* **Entries provided**
*** Block opens ***
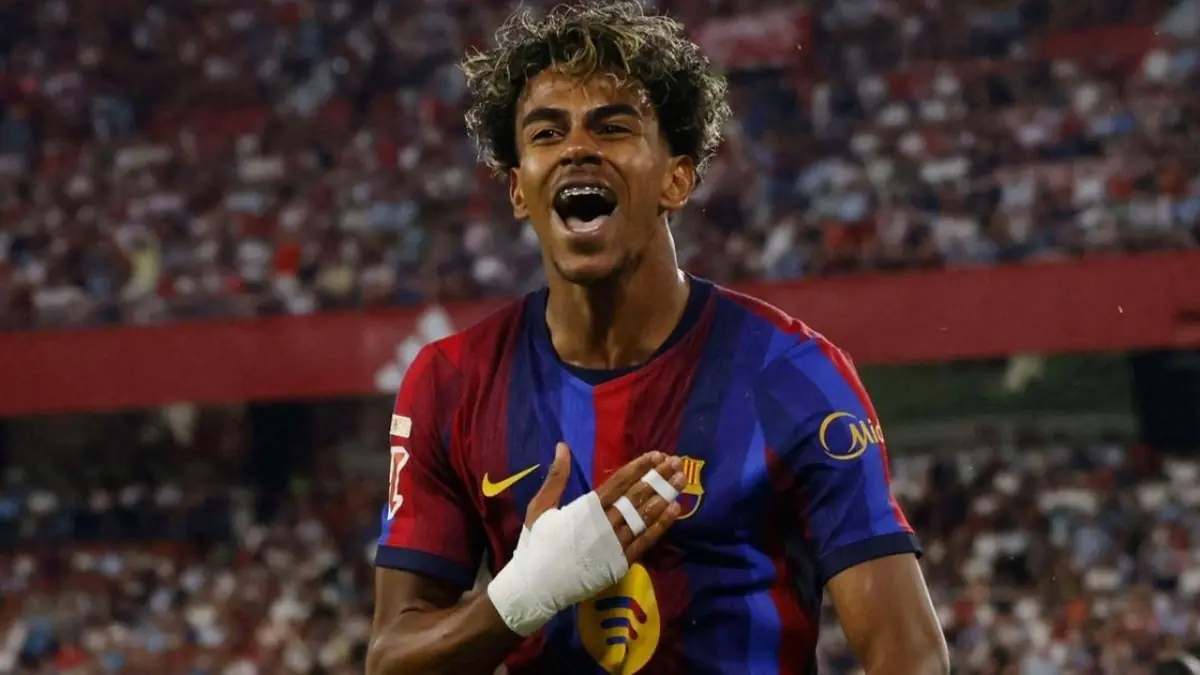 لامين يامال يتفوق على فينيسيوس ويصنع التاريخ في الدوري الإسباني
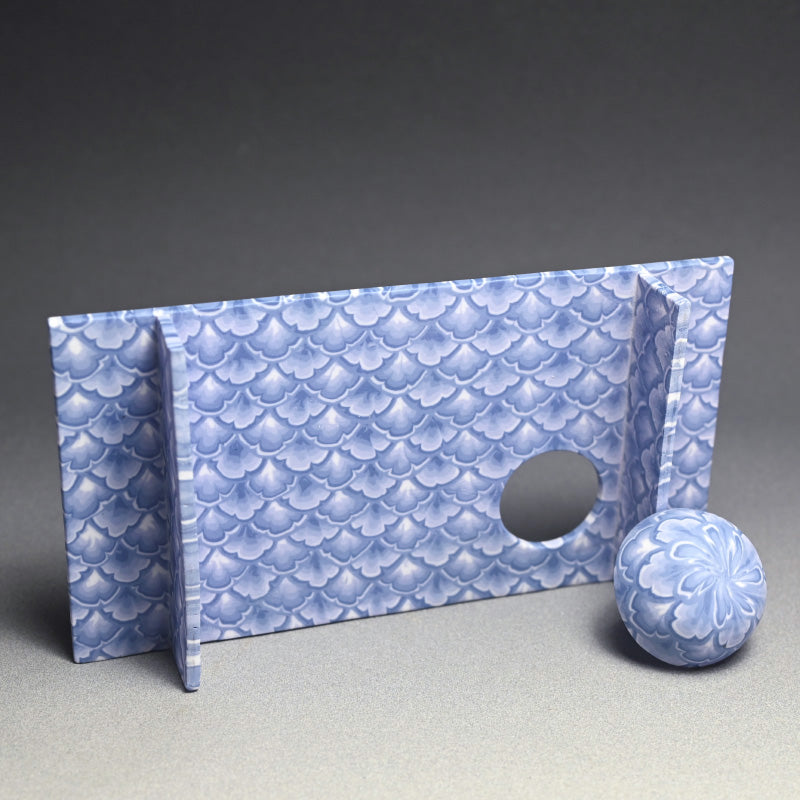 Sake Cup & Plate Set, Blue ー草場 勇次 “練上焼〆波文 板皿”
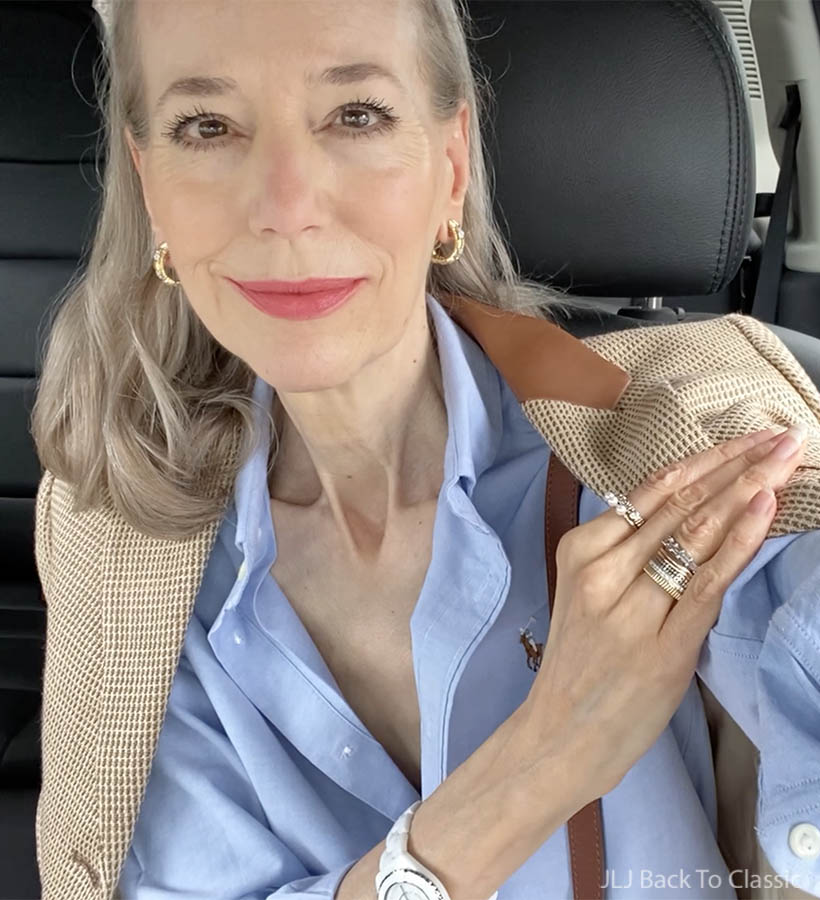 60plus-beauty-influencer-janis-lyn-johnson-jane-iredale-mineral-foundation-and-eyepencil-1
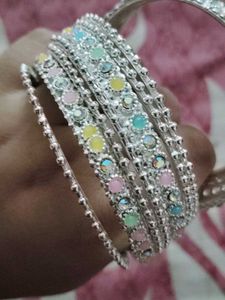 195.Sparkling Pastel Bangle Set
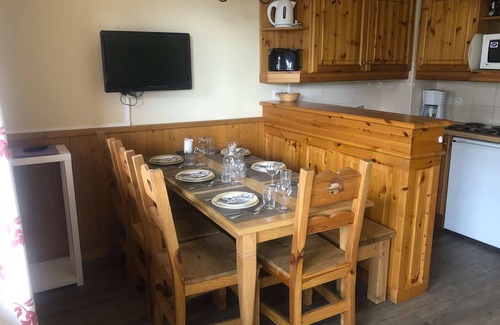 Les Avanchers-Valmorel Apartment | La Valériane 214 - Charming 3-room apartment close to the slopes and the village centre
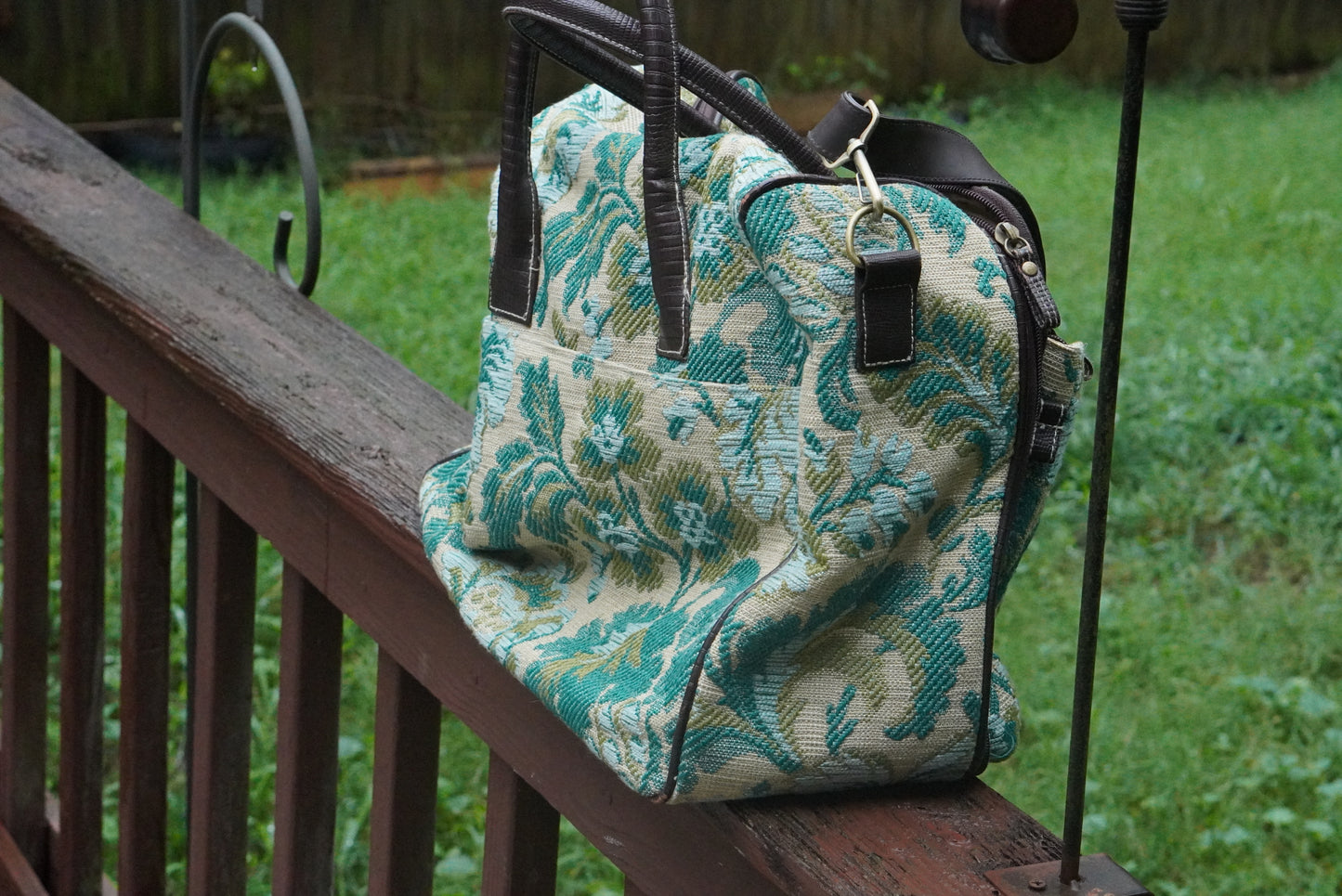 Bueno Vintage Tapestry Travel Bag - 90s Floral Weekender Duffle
*** Block closes ***
Repeat the records word for word, skipping pictures.

 لامين يامال يتفوق على فينيسيوس ويصنع التاريخ في الدوري الإسباني
 Sake Cup & Plate Set, Blue ー草場 勇次 “練上焼〆波文 板皿”
 60plus-beauty-influencer-janis-lyn-johnson-jane-iredale-mineral-foundation-and-eyepencil-1
 195.Sparkling Pastel Bangle Set
 Les Avanchers-Valmorel Apartment | La Valériane 214 - Charming 3-room apartment close to the slopes and the village centre
 Bueno Vintage Tapestry Travel Bag - 90s Floral Weekender Duffle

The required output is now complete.